On Jan. 1, 2011, I came home from a raucous New Year’s Eve party (raucous being defined as a party involving copious amounts of leftover Christmas cookies and a dozen rounds of Just Dance 2), I got onto Facebook.

After scrolling through several “Happy New Year’s!” status updates, I came across a video posted by an author I’ve “liked.” The video was called “2010: Go Do Fireworks, Just the Way You Are” and was a composition of 365 photos, one for every day of 2010, set to music.

The pictures were of friends and family, cities, homes, everyday things that define daily life, set into motion in such a way that made them elegant and warm. It was just happy – a year of life and love laid out to be remembered.

I decided immediately that I wanted to do it too.

Like a lot of people, I don’t do well with New Year’s resolutions. Or rather, I do really well for about a week, and then slowly trickle into laziness until I just give it up entirely.
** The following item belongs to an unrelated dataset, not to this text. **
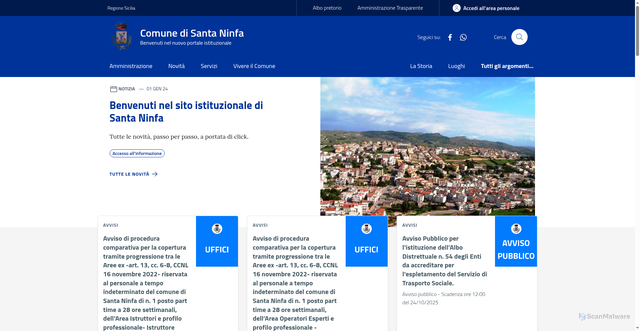 Security scan screenshot of https://www.comune.santaninfa.tp.it/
But this was different: 2011 is promised to be a big year; I’m graduating high school and starting college, my brother and his wife are having their first child, everything is changing and growing and rearranging. I want to remember 2011.

So, in the spirit of getting off on the right foot, I grabbed my camera (an orange Canon PowerShot SD 1200, if you’re curious) and took a picture of what I was doing right then: relaxing in bed, watching YouTube videos on my laptop. The picture caught my clock in the background, showing the time to be 1:03 a.m., New Year’s Day.

Now it’s April, almost four solid months later, and I’ve succeeded in carrying my camera around wherever I go and taking pictures every day. I’ve taken just over 800 pictures so far; whittling them down to one for each day will be quite the task.

Granted, some days the pictures are more interesting than others. Sometimes, a Wednesday is just a Wednesday, defined by nothing more exciting than wake up, school, home, sleep. Some days it’s a challenge to find something new and interesting to photograph, but I think it makes me better; it forces me to look beyond what I normally see and find something different.

More than anything, this project is a record. Of births and birthdays, adventures, everyday kind of days, friends, family, change, life. The year is a third of the way over, with the most exciting months just on the horizon. Having this living diary of my year has been more fun and creative than I would have imagined, and every day I get excited about what I might find to capture.

This is a great project for anyone to take up. Everything has a built in camera these days, and all it takes is some dedication to start your own “Year in Pictures.” There’s even a great website for it, www.365project.org, where you can post pictures and connect with others doing the project.

Life is found in the everyday moments, and it’s been an eye-opening experience to routinely record those moments in pictures. Pick up your camera and try it for yourself.